INSTRUCTIONS TO FOLLOW » Starting at the line containing "Once there, click" and ending at the line containing "Let me show", transcribe the listing below exactly. Keep both end lines, skip the pictures, and copy nothing else.

RECORDS FOR THE TASK »
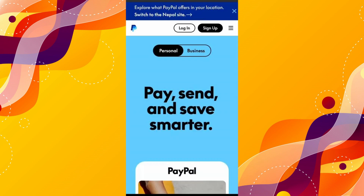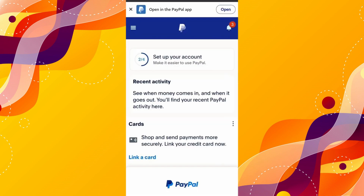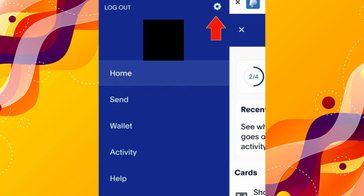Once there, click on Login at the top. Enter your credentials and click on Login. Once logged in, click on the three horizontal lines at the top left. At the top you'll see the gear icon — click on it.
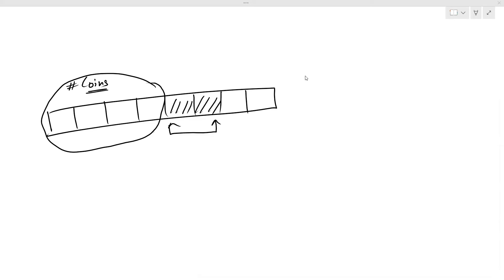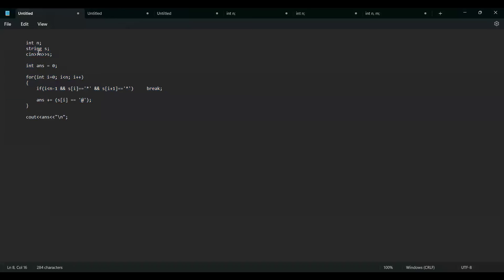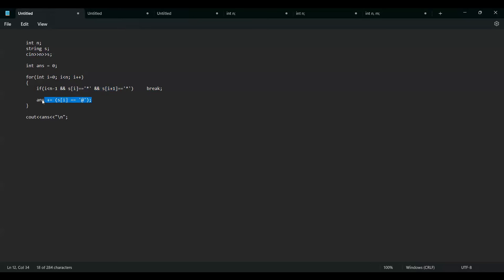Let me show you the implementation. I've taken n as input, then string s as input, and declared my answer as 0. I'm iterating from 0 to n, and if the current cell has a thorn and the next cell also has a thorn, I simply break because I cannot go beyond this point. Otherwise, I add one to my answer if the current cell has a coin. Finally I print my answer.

---

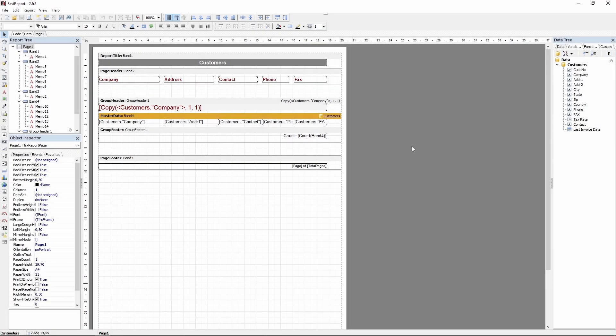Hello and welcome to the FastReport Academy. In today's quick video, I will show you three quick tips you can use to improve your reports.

SOLUTION »
Once there, click on Login at the top. Enter your credentials and click on Login. Once logged in, click on the three horizontal lines at the top left. At the top you'll see the gear icon — click on it.
Let me show you the implementation. I've taken n as input, then string s as input, and declared my answer as 0. I'm iterating from 0 to n, and if the current cell has a thorn and the next cell also has a thorn, I simply break because I cannot go beyond this point. Otherwise, I add one to my answer if the current cell has a coin. Finally I print my answer.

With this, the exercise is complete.